It was the mid-90s when Angelina Mehta, a senior adviser at Paradigm Capital and founding member of the Canadian chapter of Women in Mining, completed her degree in mining engineering and set out to make a name for herself in the mining sector. She had probably spent next to no time thinking about how being a woman would hinder her ability, however she came face-to-face with that very concept when she tried to go underground at a gold mine in the Northern Abitibi region.

While her male counterparts and miners were in the men’s dry getting outfitted for the trip beneath the earth, Mehta had to wait outside, a memory she recounted during a panel discussion about the need for gender diversity in the mining sector at the Mining Investment North America conference held last week in Toronto.

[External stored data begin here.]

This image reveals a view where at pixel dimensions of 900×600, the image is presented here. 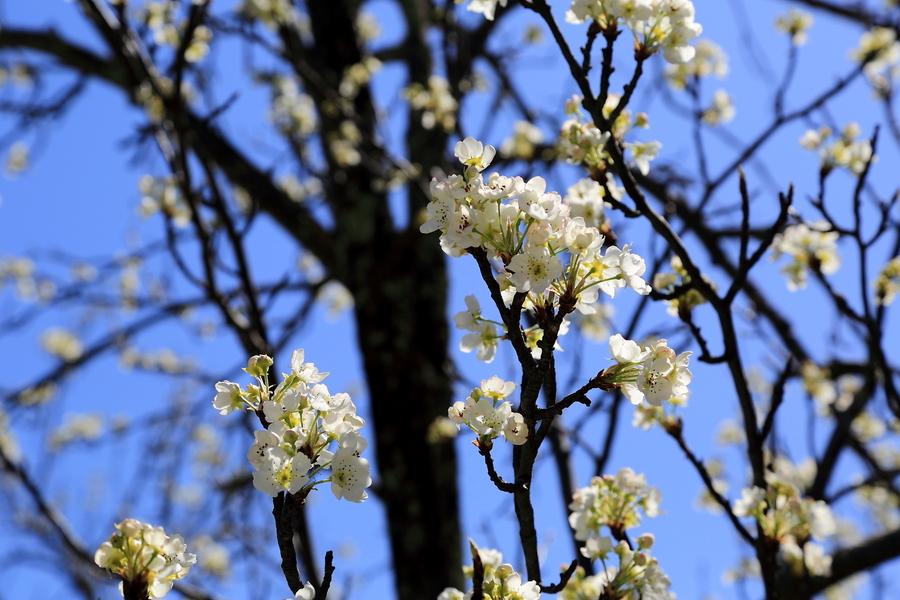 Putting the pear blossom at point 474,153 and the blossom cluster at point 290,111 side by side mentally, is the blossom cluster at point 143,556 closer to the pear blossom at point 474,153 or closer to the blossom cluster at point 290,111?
the pear blossom at point 474,153

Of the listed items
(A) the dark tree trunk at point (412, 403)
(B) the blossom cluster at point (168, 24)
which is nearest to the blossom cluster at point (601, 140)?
(B) the blossom cluster at point (168, 24)

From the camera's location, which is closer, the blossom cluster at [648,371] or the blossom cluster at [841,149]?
the blossom cluster at [648,371]

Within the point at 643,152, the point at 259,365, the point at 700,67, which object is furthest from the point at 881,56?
the point at 259,365

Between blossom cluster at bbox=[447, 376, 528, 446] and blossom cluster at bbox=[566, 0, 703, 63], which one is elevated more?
blossom cluster at bbox=[566, 0, 703, 63]

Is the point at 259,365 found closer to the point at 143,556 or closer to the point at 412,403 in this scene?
the point at 143,556

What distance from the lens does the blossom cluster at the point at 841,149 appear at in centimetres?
247

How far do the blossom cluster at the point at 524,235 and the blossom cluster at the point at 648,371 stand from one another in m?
0.09

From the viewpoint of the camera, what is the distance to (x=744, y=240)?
188cm

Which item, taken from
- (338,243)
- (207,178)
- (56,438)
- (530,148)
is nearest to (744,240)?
(207,178)

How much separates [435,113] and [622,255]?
11.2ft

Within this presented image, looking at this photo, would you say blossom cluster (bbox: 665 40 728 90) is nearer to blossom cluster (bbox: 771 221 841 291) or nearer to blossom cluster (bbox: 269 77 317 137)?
blossom cluster (bbox: 771 221 841 291)

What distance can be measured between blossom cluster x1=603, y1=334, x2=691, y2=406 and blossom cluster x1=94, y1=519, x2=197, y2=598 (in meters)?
0.67

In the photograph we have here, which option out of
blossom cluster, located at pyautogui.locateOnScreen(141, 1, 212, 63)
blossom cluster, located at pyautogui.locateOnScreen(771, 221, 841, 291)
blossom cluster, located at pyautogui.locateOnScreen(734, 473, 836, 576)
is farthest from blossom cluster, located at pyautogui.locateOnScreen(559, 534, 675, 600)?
blossom cluster, located at pyautogui.locateOnScreen(141, 1, 212, 63)

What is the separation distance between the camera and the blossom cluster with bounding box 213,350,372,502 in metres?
1.16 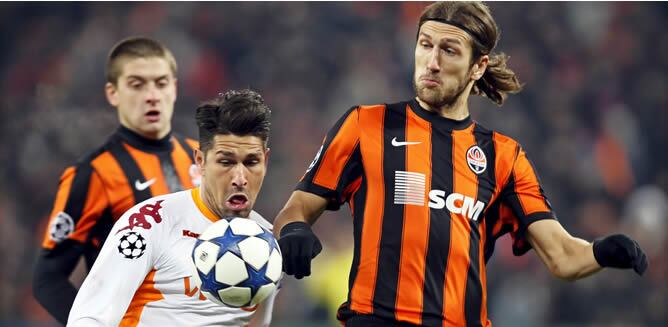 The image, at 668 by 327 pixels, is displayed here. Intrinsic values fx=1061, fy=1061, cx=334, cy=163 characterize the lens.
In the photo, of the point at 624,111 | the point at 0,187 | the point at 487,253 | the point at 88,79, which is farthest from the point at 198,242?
the point at 624,111

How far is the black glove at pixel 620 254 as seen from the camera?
4004 mm

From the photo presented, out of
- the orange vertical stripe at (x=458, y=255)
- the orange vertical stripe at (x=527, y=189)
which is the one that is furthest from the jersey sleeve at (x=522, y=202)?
the orange vertical stripe at (x=458, y=255)

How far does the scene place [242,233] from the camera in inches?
151

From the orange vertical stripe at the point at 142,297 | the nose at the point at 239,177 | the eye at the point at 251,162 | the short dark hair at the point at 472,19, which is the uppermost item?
the short dark hair at the point at 472,19

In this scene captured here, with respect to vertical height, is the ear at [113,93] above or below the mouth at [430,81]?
below

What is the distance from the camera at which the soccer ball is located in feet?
12.4

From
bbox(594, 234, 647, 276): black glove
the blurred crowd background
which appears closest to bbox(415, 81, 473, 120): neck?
bbox(594, 234, 647, 276): black glove

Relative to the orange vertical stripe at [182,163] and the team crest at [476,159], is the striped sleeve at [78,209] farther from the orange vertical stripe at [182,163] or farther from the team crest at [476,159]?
the team crest at [476,159]

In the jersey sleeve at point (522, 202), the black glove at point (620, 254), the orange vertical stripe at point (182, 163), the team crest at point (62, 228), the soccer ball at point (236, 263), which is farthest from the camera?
the orange vertical stripe at point (182, 163)

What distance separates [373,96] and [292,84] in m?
0.96

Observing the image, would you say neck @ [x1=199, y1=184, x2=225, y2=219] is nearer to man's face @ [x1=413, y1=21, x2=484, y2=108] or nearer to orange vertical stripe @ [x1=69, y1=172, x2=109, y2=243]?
man's face @ [x1=413, y1=21, x2=484, y2=108]

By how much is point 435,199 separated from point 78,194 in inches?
85.6

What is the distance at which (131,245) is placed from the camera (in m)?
3.96

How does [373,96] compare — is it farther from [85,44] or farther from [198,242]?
[198,242] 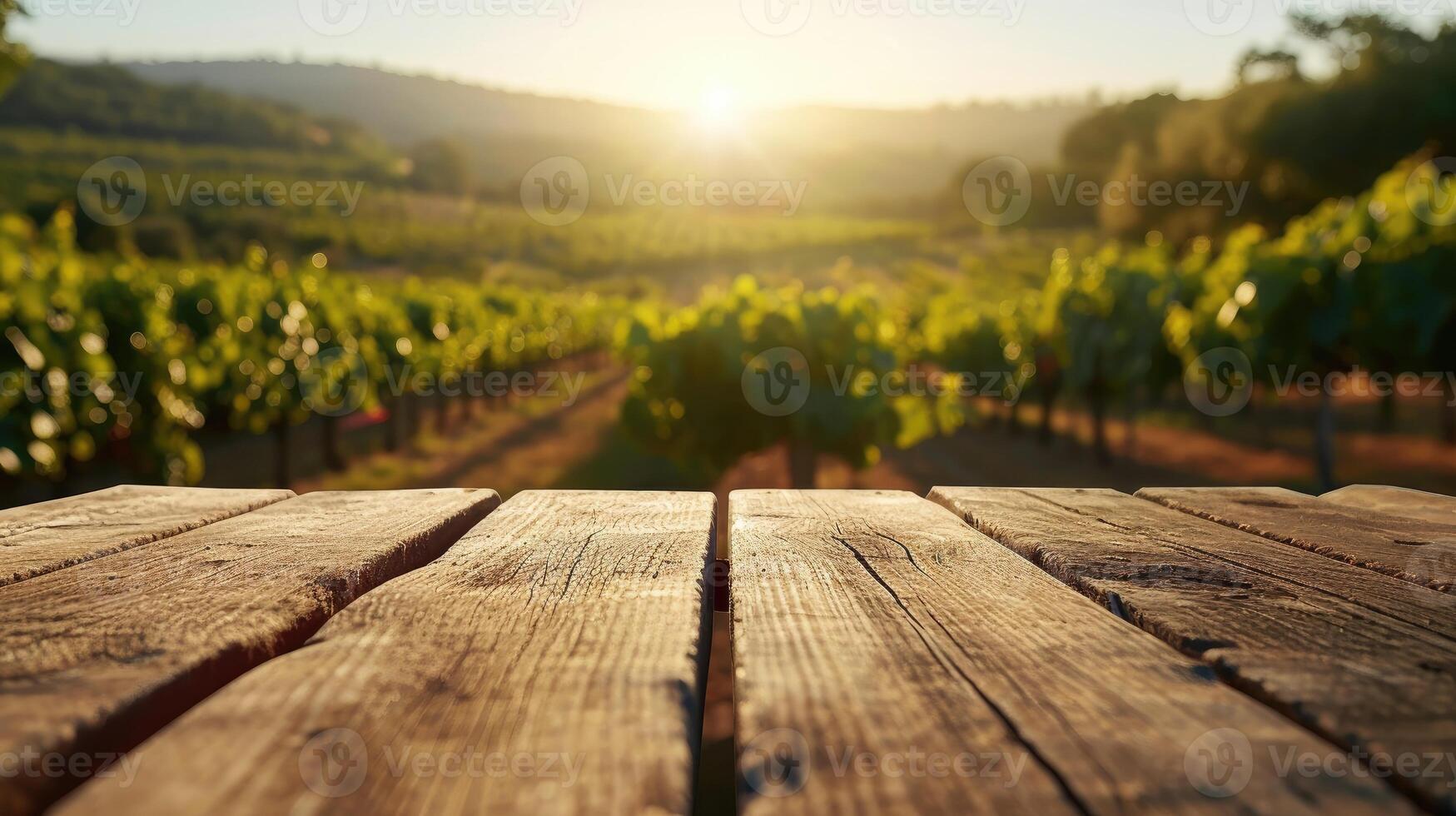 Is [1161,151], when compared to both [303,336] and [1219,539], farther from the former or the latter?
[1219,539]

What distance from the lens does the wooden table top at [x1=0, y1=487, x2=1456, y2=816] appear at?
72 centimetres

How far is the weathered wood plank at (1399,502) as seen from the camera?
1.79m

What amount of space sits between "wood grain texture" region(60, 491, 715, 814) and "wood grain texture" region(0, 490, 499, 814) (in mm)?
73

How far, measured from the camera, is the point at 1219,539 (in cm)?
158

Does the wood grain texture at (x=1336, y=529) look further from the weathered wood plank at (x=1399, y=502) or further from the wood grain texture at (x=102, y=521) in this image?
the wood grain texture at (x=102, y=521)

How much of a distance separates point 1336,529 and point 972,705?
1.20 metres

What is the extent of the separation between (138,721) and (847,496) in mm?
1407

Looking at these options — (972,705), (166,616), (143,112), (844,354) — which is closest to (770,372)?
(844,354)

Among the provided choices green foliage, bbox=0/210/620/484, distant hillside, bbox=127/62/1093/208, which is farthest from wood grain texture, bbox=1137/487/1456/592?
distant hillside, bbox=127/62/1093/208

“There was no dry for women so I had to hang outside the male dry, which was traumatic for a young woman to say the least, to wait for somebody to bring me a lamp,” Mehta recounted. “And there was no place to shower at the actual headframe, I had to go and take my shower at the mill.”

Fellow panelist, and Director of Women in Mining, Christine Petch, remembered her own struggles as a female geologist in the mining space during the 80s.

“I’ll be completely blunt, usually women of my generation, the only way you were going to move forward in your career is if you chose to not have children or if you had a very supportive spouse that stayed at home to take care of the children; or if you had a family that could look after your children for you and that was pretty much it,” Petch told the mining investment audience. “I’m very happy to say I have quite a few friends that are about 10 years younger than me that are definitely making it work in a much better way.”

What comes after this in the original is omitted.